Here’s why. The $700 billion that Americans spend annually to purchase oil from other countries (according to Pickens) is a price not a transfer. A true transfer— unemployment benefits or a taxpayer subsidy to a failing company—is a payment made to someone who provides no good or service in exchange. By nature transfers are zero-sum. One person “gives” through coercive taxation; the other person receives. (Of course, if one throws a few bureaucrats into the mix, the transfer recipients might receive less than the amount taken from the taxpayers.) Ironically, it is Pickens, not oil-exporting countries, who has received transfers in the form of taxpayer subsidies for so-called renewable electricity generation. And that bit about needing your help—Pickens wants the largess to continue.
By contrast, when one makes a purchase, the money one pays is the price of the good, one side of a mutually beneficial voluntary exchange. Each party to the transaction trades away something in return for something else he or she values more highly. If I spend $2 for a cup of coffee, I’ve made a purchase not a transfer. I get the coffee, which I value more than anything else I could have bought for the $2, and the coffee shop gets the $2, which it values more than the coffee. Readers familiar with John Stossel’s television special about greed will recall him illustrating this point by purchasing a container of milk. Both he and the store clerk said,“Thank you.”
For the $700 billion we send to oil exporters, we get something in return—oil. Our receipt of millions of barrels of oil in exchange for that money is hardly a transfer. We receive a versatile commodity that can be used for everything from making plastics to fueling family vacations. The exporters receive the $700 billion that they can then use to purchase other goods and services.
It is true that when oil was $140 per barrel, we were paying more than we had paid just a few years ago. We certainly are glad that oil is less expensive now. But the case I’m making would hold even if the price went back up. Higher prices would mean that the purchasers of oil or oil derivatives would experience a smaller differnce between their subjective value and the price they pay. If I valued a gallon of gas at $5 (that is, if I were willing to pay up to $5 for it), my net gain from purchasing it would be greater when I paid $2 than when the price was $4. It’s also true that people would find some purchases they might have considered beneficial when oil was, say, $35 per barrel no longer beneficial at $140. Consequently, almost as if guided by an invisible hand, people would reduce their oil consumption by driving less, buying more fuel-efficient vehicles, taking alternative forms of transportation, and so on. Yet none of these truths makes the purchase of foreign oil a transfer.
It is true that much of our imported oil comes from countries with odious regimes. Indeed, it’s difficult to think of countries more antithetical to classical-liberal ideals than Venzuela or Saudi Arabia.
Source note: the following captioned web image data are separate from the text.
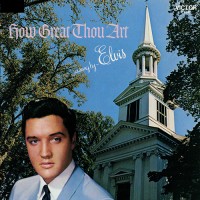 Purchase Elvis Presley - How Great Thou Art (Vinyl)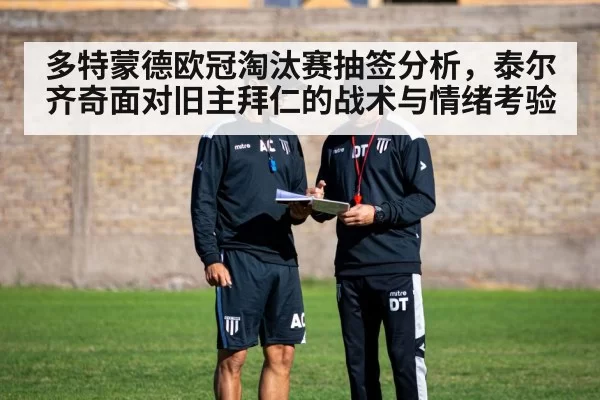 多特蒙德欧冠淘汰赛抽签分析，泰尔齐奇面对旧主拜仁的战术与情绪考验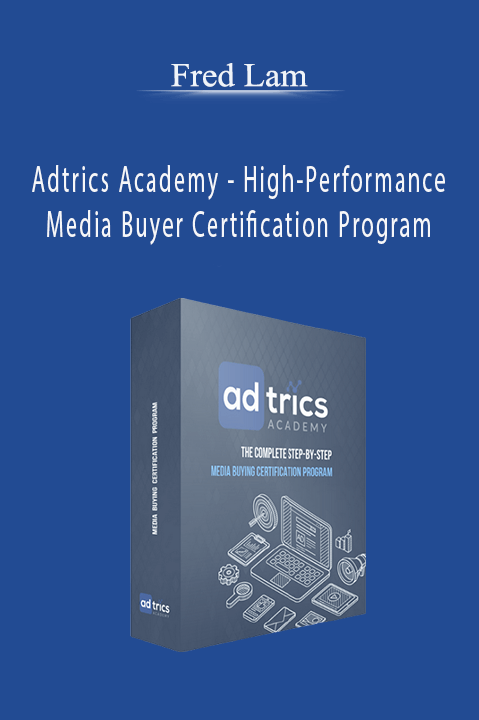 Fred Lam’s Adtrics Academy teaches high-performance media buying techniques and campaign optimization.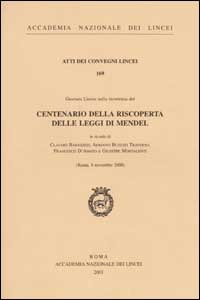 Centenario della riscoperta delle leggi di Mendel. Giornata lincea nella ricorrenza (Roma, 9 novembre 2000)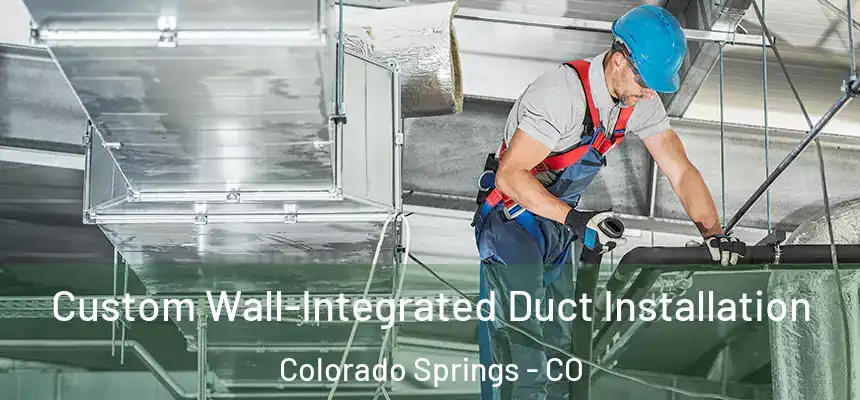 Custom Wall-Integrated Duct Installation Colorado Springs - CO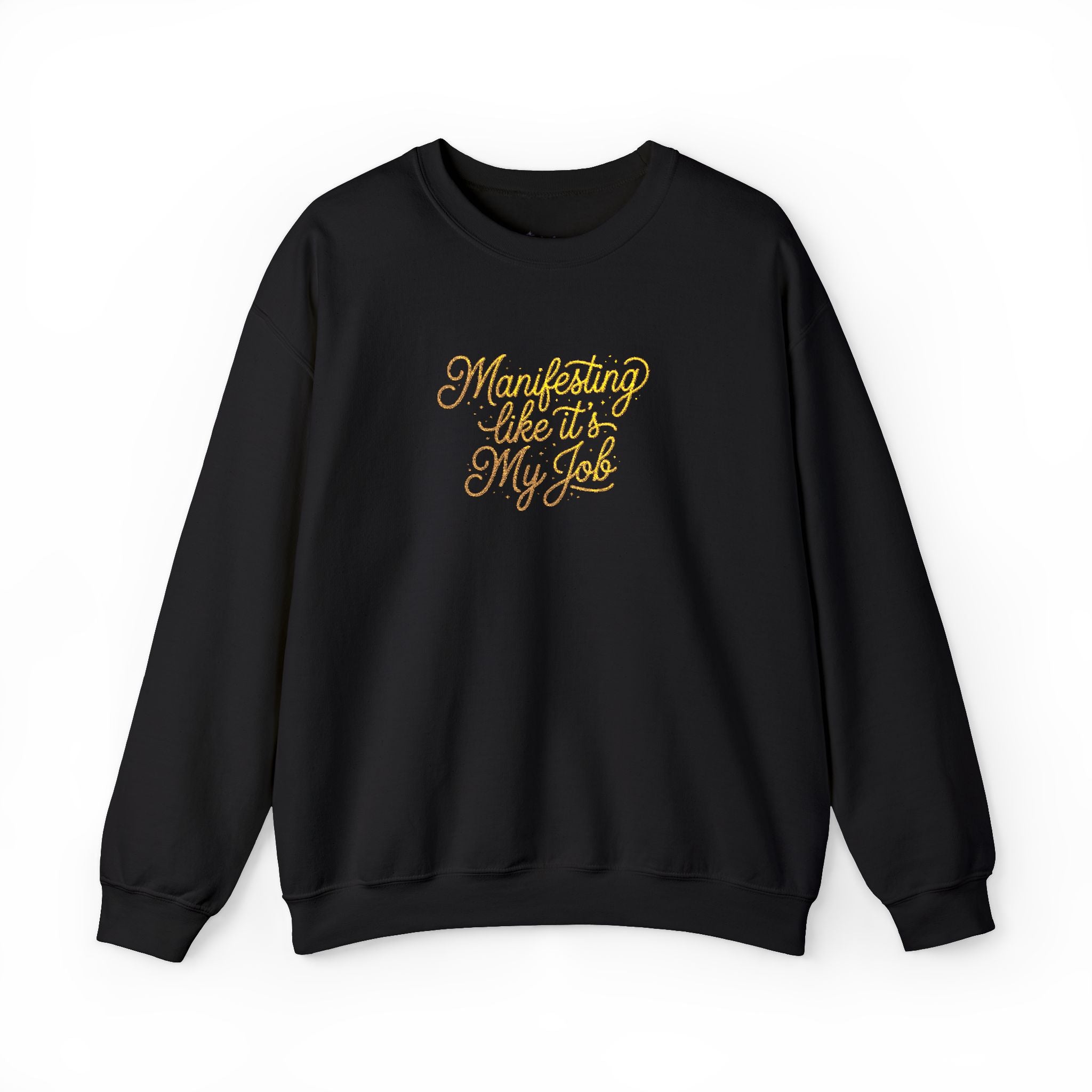 Crewneck Sweatshirt — 'Manifesting like it's My Job' Embroidered Gold Script Design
It’s also true that exchange with nasty regimes benefits them as it does us. This does not, however, imply that we should boycott them. Since oil is traded on the world market, a boycott— at least if unilateral—would not harm the intended targets. Although it might be nice if our oiltrading partners were nice folks in countries with greater respect for individual rights (the Swiss perhaps), the fact that they are unpleasant still doesn’t make purchasing imported oil a transfer.
If the price of oil again skyrockets, it will present a significant challenge to consumers and producers. There is no need to make their task more difficult with muddled thinking that confuses mutually beneficial exchanges with wealth transfers. T. Boone Pickens has been a businessman all his adult life. He should know better. If he’s putting his quest for taxpayer subsidies ahead of the truth, he is doing the American people a grave disservice.